= Carolyn Walker-Diallo =

American judge

Carolyn Walker-Diallo is an American judge. She was the first Muslim elected as judge in the State of New York.

In 2015, Walker-Diallo was elected to the New York City Civil Court, representing the 7th Municipal Court District, which encompasses Brownsville, Brooklyn, East New York, Cypress Hills and Bushwick. On December 10, 2015, she took her ceremonial oath of office on the Quran.

== Early life and education ==

Walker-Diallo was born in Brownsville, Brooklyn and raised in East New York, Brooklyn and Cypress Hills, Brooklyn. She attended P.S. 290, I.S. 302 and Franklin K. Lane High School.

Walker-Diallo received a Bachelor of Arts in political science and business administration, cum laude, from The Lincoln University of Pennsylvania. She received a Juris Doctor from New York Law School in May 2003 and Master of Business Administration from the Zicklin School of Business at Baruch College.

== Career ==

Walker-Diallo started her legal career as a litigation associate at Milbank LLP. She then joined the New York City Law Department where she defended the City of New York, its agencies and high-level employees in cases brought under various federal, state and city laws.

She also became the head of the George Walker Jr. Community Coalition, Inc. (GWJrCC), named after her father. At GWJrCC, she created the first youth court in East New York.

During this time, Walker-Diallo also served as a part-time administrative law judge/hearing officer with the New York City Office of Administrative Trials and Hearings (OATH) and practiced law in her own firm, the Law and Mediation Offices of Carolyn Walker-Diallo, Esq., PLLC.

Walker-Diallo served as a volunteer mediator with the New York Peace Institute. In 2013, she joined Brooklyn Community Services (BCS).
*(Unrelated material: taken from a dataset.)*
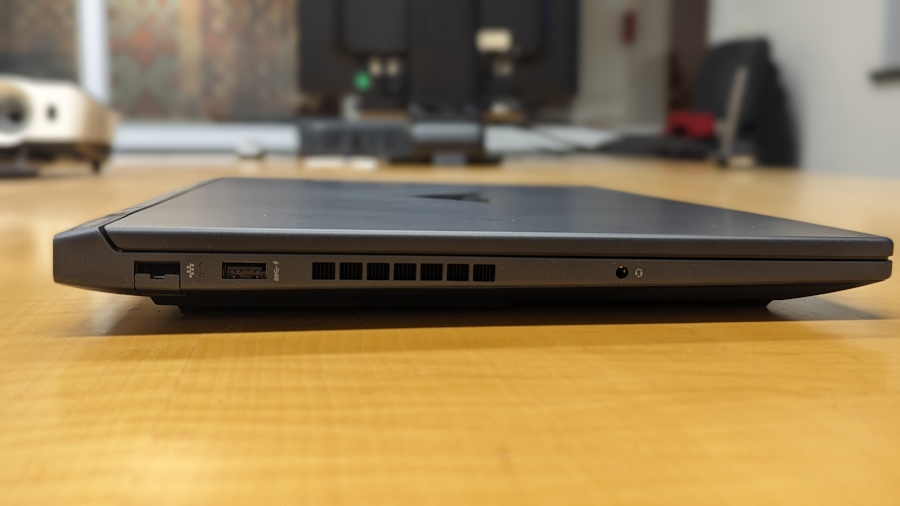 HP Victus 16 review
As the organization's General Counsel and Chief Compliance Officer, she served on the Executive Team and handled all legal matters involving the agency.

== Community involvement ==

Walker-Diallo served as a board member of the East New York Restoration Local Development Corporation, a member of the 75th Precinct Community Council, and was founder and troop leader of several Girl Scout troops in East New York and Cypress Hills.
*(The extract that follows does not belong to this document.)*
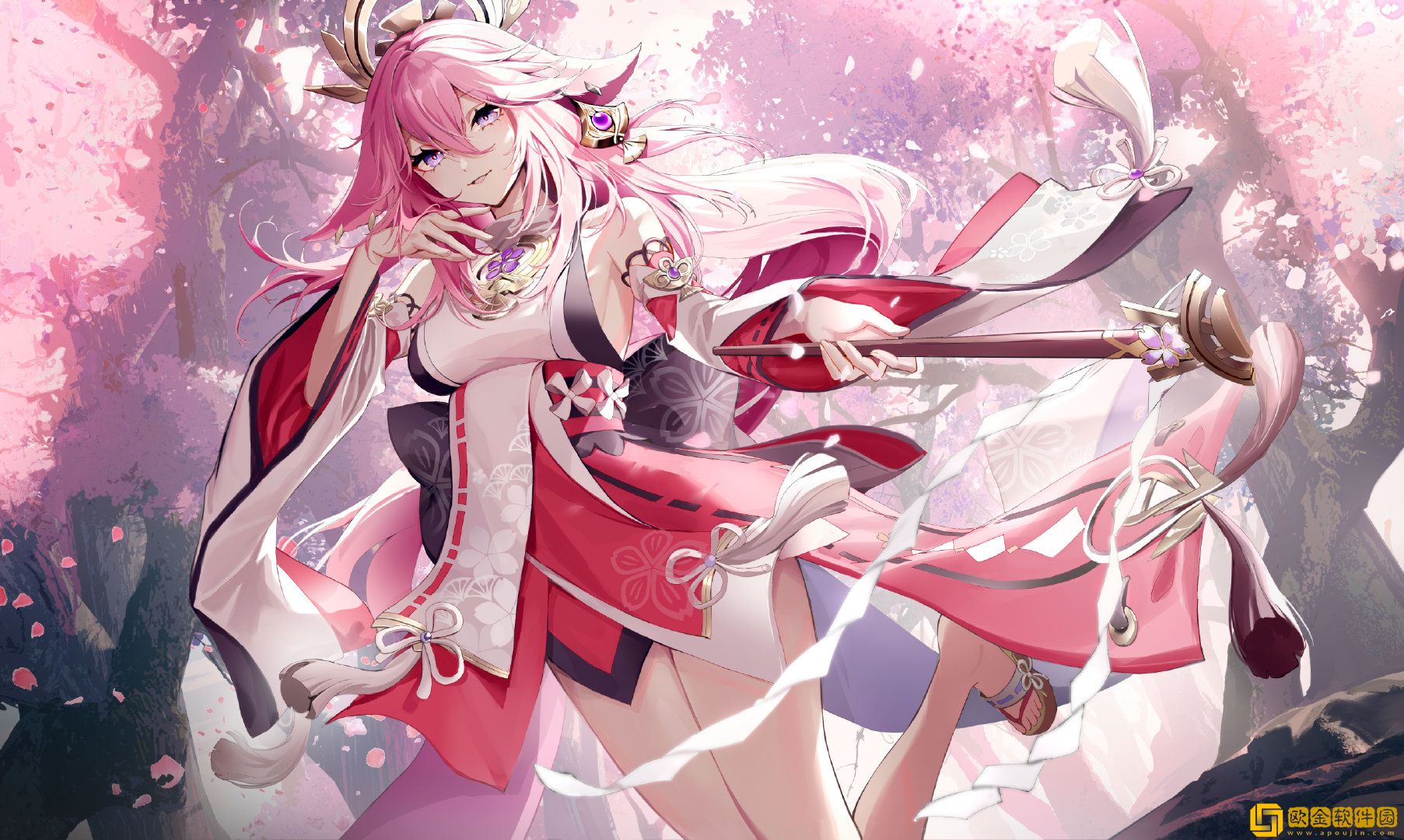 原神寻游记录其二怎么过-原神寻游记录其二通关攻略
On February 15, 2015, Walker-Diallo received the Distinguished Service Award by New York Assembly Members Charles Barron, Erik Dilan, and Samuel D. Roberts at the New York State Association of Black and Puerto Rican Legislators' 44th annual award ceremony.

== Civil court judge ==

Walker-Diallo launched her campaign for judge in December 2014. She was rated Qualified by the Kings County Democratic Screening Committee. She was also approved by the New York City Bar Association's Screening Committee. She ran unopposed in the general election on November 3, 2015. On December 10, 2015, Walker-Diallo was sworn in as a Civil Court Judge at Brooklyn Borough Hall. Soon after her inauguration, she started receiving death threats, possibly due to swearing in on a Quran.

At the end of 2015, Walker-Diallo was recognized as one of 10 Muslim women who ruled 2015. She assumed the bench on January 1, 2016.

- On April 20, 2016, the Muslim Bar Association of New York honored Walker-Diallo with the Legal Trailblazer Award.
- On June 15, 2016, Walker-Diallo received a citation from Brooklyn Borough President Eric Adams at Brooklyn Heights Synagogue's 9th Annual Iftar.
- In May 2017, the Huffington Post named Walker-Diallo as one of the top 15 Inspirational Muslim Women around the world.
- •In September 2017, the Huffington Post named Walker-Diallo as one of 25 African-American Muslims breaking barriers around the world.

In December 2018, Walker-Diallo was appointed Supervising Judge of the New York City Civil Court, Kings County, effective January 1, 2019. In 2019, she was recognized as one of Crain's 2019 Notable Women in Law.